SUPPLIED MATERIAL »
________
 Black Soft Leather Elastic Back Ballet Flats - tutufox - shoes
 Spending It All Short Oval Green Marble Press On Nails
________
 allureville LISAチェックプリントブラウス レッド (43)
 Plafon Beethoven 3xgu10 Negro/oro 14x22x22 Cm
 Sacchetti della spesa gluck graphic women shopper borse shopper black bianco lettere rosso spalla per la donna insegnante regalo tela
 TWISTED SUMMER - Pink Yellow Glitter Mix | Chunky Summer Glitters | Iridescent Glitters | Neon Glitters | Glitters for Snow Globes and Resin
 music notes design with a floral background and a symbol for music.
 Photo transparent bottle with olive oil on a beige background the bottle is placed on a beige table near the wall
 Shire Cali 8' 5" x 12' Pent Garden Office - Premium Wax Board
________
Exactly how many lines of the listing above contain the string "with"? Give no more than the number.

RESPONSE FOR THIS EXERCISE » 2